Однако же это слово не совсем подходит к данной ситуации – во всяком случаев вряд ли его можно использовать в том смысле, в каком оно применяется на Земле. Я ничуть не лукавлю, утверждая, что «берианг» – это практически лишь более удобный способ делать то, что все мы обычно и делаем (я имею в виду землян!), но здесь, на Калдоре, совсем не нужно метаться в поисках свободной комнаты или испытывать неловкость, если по рассеянности в неурочный час войдешь не в ту спальню. Цель «берианга» – архисексуальность. Это некая постоянная атмосфера повышенной чувственности, когда все пары спят вместе в одной и той же большой комнате. (Мы специально для этого перестроили всю квартиру.) Вопросы первенства отпадают полностью, когда теплые тела касаются друг друга, сплетаются… Соитие (хотя оно, безусловно, имеет первостепенную важность!) отодвигается как бы на второй план в сопоставлении с той радостью, которую испытываем мы все, когда спим рядом, обнимая друг друга.

«Берианг», насколько мне известно, практикуется более или менее постоянно примерно третью всего населения планеты. Должен отметить, что эта форма взаимоотношений имеет и свои недостатки, хотя и незначительные. Кумулятивная сексуальная энергия, каждую ночь излучаемая нашими десятью телами – телами участников некоего расширенного полового акта – способна вызвать головокружение и временную глухоту у отдельных индивидов. Следует также отметить, что некоторые люди не могут слишком долго выносить общество друг друга. Такие люди, с их жаждой уединения, считаются на Калдоре не совсем нормальными и являются объектами всеобщей повышенной жалости. Наконец, имеют место и совсем мелкие, но тем не менее раздражающие факторы – когда рядом с тобой без конца поднимаются и опускаются чьи-то тела, кто-то ворочается, стонет, охает, храпит – в общем, когда тебе попросту мешают спать. (Одним из крупнейших государственных медицинских проектов на Калдоре является работа по всеобщему избавлению от храпа.)

Всегда, разумеется, можно уединиться в одной из многочисленных спален, и порой я так и поступаю.
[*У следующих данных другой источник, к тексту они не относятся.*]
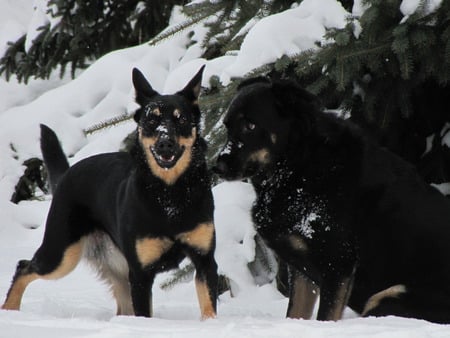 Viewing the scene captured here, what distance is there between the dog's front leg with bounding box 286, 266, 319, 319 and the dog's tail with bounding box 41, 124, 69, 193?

Однако я не люблю расставаться с друзьями даже на одну ночь, вообще подобные выходки довольно невежливы и выглядят как проявление невнимания к близким тебе людям, а настоящие калдорианцы чувствуют подобное отношение куда более остро, чем я, землянин по рождению.
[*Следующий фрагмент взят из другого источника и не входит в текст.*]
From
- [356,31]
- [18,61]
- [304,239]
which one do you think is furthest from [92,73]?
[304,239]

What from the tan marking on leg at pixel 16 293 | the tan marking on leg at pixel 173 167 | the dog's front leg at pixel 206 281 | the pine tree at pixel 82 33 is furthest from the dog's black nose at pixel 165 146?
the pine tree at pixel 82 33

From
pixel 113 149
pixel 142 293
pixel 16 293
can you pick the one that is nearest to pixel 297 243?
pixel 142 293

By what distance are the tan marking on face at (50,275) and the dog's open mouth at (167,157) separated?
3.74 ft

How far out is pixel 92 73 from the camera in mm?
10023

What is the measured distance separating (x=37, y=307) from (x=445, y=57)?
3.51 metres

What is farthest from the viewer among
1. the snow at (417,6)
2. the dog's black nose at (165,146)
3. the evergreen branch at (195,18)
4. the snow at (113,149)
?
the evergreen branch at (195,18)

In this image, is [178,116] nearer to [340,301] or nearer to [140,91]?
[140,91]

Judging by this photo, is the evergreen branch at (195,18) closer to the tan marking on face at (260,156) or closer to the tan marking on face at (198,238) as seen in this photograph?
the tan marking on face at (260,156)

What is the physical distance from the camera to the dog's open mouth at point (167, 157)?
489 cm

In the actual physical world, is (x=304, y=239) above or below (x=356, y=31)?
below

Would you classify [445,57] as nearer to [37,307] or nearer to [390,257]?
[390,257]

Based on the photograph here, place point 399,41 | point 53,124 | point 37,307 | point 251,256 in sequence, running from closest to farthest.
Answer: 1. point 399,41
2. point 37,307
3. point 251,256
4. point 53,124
Таким образом, в целом «берианг» – весьма приятное времяпрепровождение, ради которою вполне можно смириться с теми маленькими неудобствами, которые он порождает. «Берианг» – это к тому же определенное состояние общества, к которому население Калдара официально тяготеет, ибо состояние это отражает максимальную степень единства с другими членами данного социума.

И все-таки мы с Ланеей частенько прокрадываемся вдвоем в одну из кладовых на чердаке, предпочитая ее любому другому месту! Там я давно уже все устроил, положил на пол матрас, и на нем-то мы с нею и занимаемся любовью.

Не знаю, почему нас так тянет порой остаться вдвоем, вдали ото всех, кто нам так дорог. Видимо, это некая разновидность игры, и мы с Ланеей с наслаждением в эту игру играем. стыдиться тут нечего, но, если честно, мы никогда не занимались сексом на глазах у остальных. Возможно, наше желание остаться наедине проистекает именно из этой простой особенности наших отношений?

***

Мы с Элиамингом довольно быстро перебесились, и теперь все встало на свои места. Мы по-прежнему относимся друг к другу с нежностью, и наша дружба не имеет себе равных, однако мы более не испытываем того неотвратимого желания, которое являлось определяющим в наших отношениях и делало их безумными и чудесными одновременно. В моих глазах он по-прежнему прекрасен, однако я более уже не схожу с ума и не стремлюсь постоянно обладать им.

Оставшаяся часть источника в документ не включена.